INSTRUCTIONS TO FOLLOW: All of the data that follows should be given again exactly, without its images.

DATA:
◆ ◆ ◆

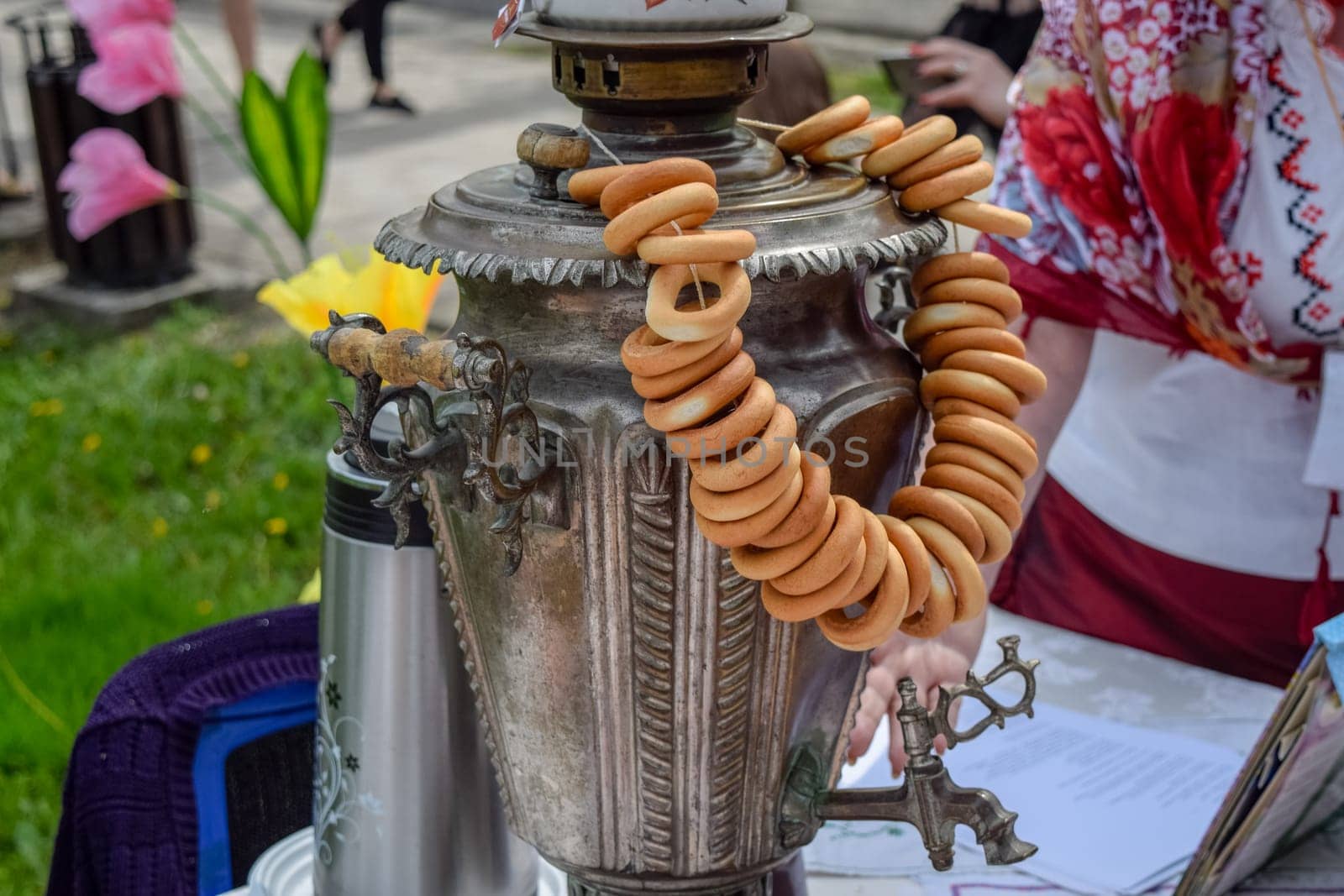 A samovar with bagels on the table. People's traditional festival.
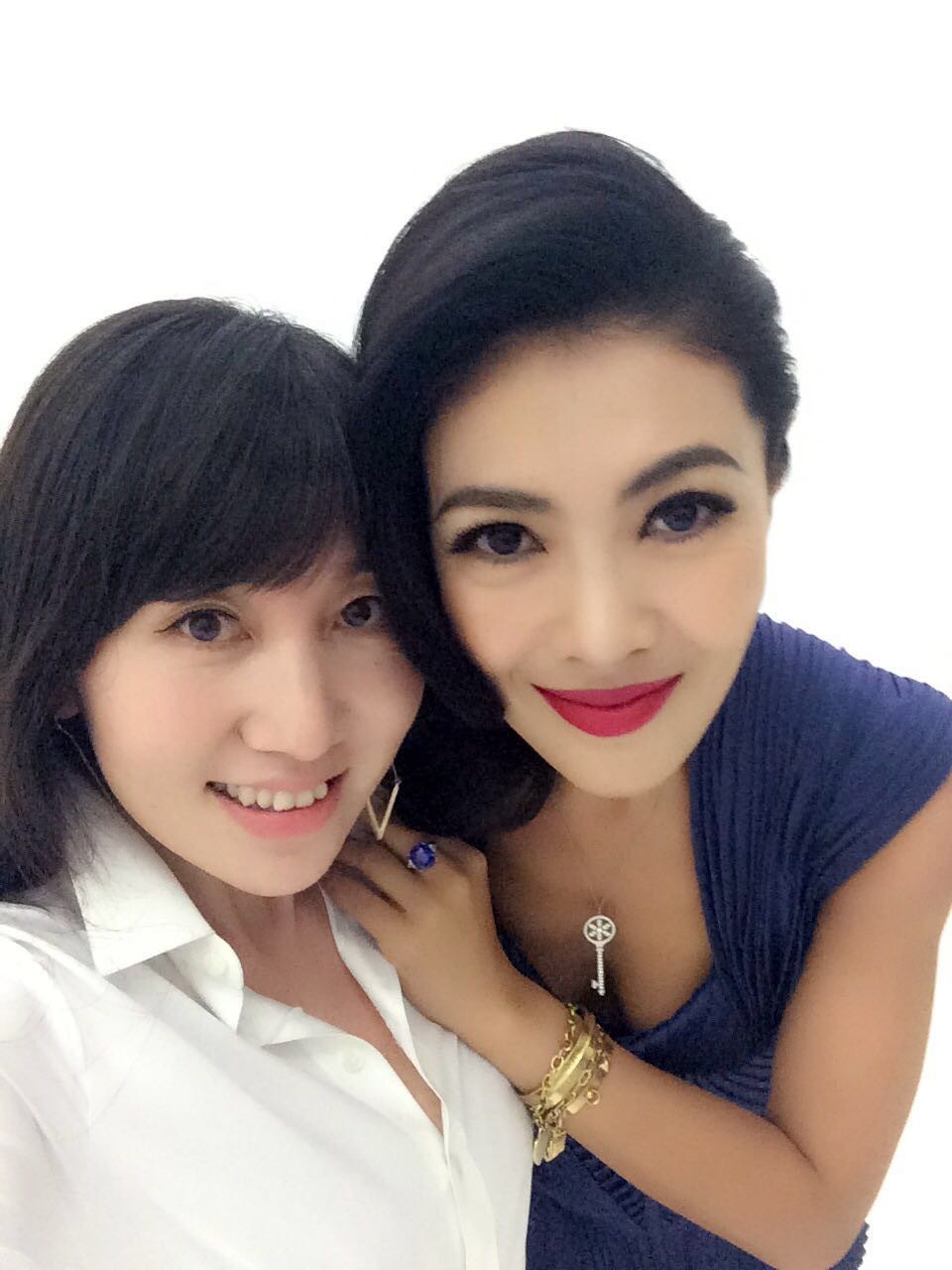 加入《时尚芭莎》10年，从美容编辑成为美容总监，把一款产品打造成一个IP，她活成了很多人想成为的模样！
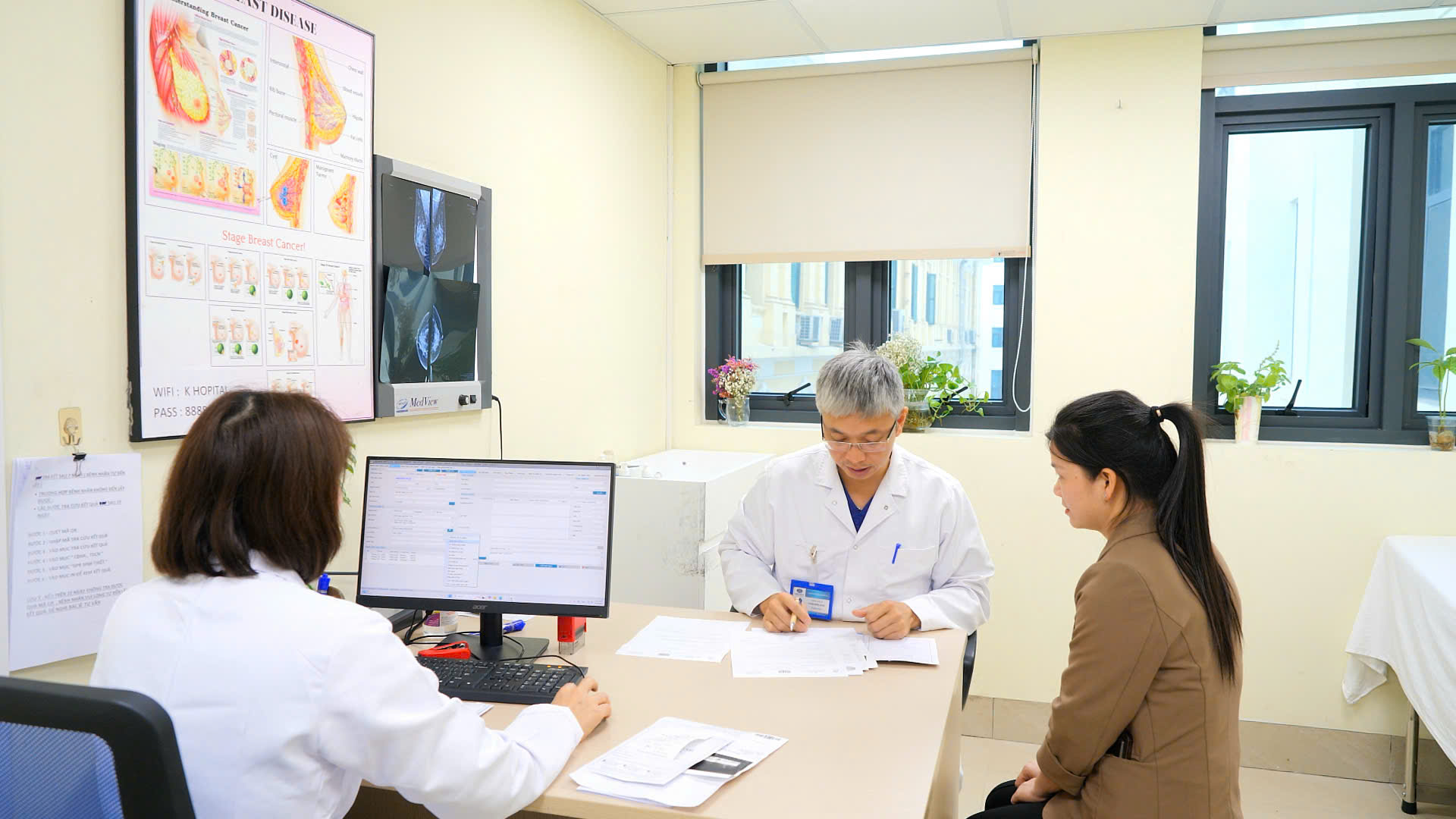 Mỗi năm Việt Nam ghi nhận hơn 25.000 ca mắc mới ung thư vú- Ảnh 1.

◆ ◆ ◆

RESPONSE TO THIS EXERCISE:
 A samovar with bagels on the table. People's traditional festival.
 加入《时尚芭莎》10年，从美容编辑成为美容总监，把一款产品打造成一个IP，她活成了很多人想成为的模样！
 Mỗi năm Việt Nam ghi nhận hơn 25.000 ca mắc mới ung thư vú- Ảnh 1.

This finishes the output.